**MATERIAL PROVIDED**
------------------------------------
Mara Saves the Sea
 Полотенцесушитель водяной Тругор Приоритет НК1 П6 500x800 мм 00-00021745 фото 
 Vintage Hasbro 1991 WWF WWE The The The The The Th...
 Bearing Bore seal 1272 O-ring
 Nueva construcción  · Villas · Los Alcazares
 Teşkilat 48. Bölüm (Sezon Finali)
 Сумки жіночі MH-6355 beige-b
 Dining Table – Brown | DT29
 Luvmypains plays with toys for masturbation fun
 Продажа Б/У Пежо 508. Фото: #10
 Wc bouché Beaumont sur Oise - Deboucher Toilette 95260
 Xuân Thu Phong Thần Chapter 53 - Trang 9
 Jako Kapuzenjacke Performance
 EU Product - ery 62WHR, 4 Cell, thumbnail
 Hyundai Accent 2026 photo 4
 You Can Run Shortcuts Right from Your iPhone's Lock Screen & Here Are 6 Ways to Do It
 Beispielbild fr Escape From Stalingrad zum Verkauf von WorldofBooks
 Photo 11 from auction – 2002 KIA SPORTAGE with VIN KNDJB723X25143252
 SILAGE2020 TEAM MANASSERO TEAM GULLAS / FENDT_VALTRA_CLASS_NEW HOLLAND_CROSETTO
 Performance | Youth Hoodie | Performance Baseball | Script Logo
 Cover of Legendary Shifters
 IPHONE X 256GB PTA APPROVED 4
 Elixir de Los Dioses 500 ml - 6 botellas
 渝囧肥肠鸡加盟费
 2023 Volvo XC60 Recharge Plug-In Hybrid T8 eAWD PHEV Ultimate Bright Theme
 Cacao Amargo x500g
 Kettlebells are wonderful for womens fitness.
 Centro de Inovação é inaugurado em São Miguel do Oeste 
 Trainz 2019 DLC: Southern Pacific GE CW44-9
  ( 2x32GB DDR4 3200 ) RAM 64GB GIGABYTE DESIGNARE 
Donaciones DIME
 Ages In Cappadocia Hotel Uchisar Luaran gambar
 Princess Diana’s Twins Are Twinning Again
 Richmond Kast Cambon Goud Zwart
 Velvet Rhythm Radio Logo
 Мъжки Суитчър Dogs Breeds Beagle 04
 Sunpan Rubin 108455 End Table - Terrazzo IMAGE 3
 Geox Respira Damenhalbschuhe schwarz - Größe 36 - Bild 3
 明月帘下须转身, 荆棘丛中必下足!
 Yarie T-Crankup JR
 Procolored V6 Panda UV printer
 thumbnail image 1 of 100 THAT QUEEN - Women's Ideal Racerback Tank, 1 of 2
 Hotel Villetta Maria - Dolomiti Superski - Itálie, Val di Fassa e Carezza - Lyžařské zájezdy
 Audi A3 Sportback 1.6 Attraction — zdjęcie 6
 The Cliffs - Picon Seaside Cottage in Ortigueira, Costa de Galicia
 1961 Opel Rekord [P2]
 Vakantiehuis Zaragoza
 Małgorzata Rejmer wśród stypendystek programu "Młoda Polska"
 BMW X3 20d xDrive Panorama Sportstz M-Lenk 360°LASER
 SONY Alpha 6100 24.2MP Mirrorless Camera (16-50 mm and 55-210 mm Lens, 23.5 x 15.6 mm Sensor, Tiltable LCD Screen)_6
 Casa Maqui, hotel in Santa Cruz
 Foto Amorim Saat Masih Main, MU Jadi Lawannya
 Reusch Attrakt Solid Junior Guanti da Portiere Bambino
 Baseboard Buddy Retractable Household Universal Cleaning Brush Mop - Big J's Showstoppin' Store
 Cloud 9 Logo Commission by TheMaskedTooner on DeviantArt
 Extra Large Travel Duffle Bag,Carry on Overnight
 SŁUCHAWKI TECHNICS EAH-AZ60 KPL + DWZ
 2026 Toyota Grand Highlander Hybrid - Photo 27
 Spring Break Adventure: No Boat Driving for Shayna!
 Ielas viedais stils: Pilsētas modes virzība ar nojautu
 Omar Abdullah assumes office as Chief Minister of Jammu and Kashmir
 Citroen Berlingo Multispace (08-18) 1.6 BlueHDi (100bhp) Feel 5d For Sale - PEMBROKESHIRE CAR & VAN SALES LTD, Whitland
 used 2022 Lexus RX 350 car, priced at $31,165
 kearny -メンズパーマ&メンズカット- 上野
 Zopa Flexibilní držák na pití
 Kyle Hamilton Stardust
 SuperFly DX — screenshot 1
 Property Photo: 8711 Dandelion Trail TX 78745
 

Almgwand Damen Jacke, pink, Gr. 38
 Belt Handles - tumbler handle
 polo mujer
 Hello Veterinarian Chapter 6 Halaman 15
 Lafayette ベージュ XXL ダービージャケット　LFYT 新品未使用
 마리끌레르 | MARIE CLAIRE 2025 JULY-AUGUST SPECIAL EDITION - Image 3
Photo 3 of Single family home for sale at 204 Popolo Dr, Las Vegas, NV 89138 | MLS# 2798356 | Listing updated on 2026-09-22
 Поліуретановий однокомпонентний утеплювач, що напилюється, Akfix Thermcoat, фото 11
------------------------------------
**TASK DETAILS**
Gather up every line from the listing above in which the word "Logo" occurs.

**RESPONSE AREA**
 Performance | Youth Hoodie | Performance Baseball | Script Logo
 Velvet Rhythm Radio Logo
 Cloud 9 Logo Commission by TheMaskedTooner on DeviantArt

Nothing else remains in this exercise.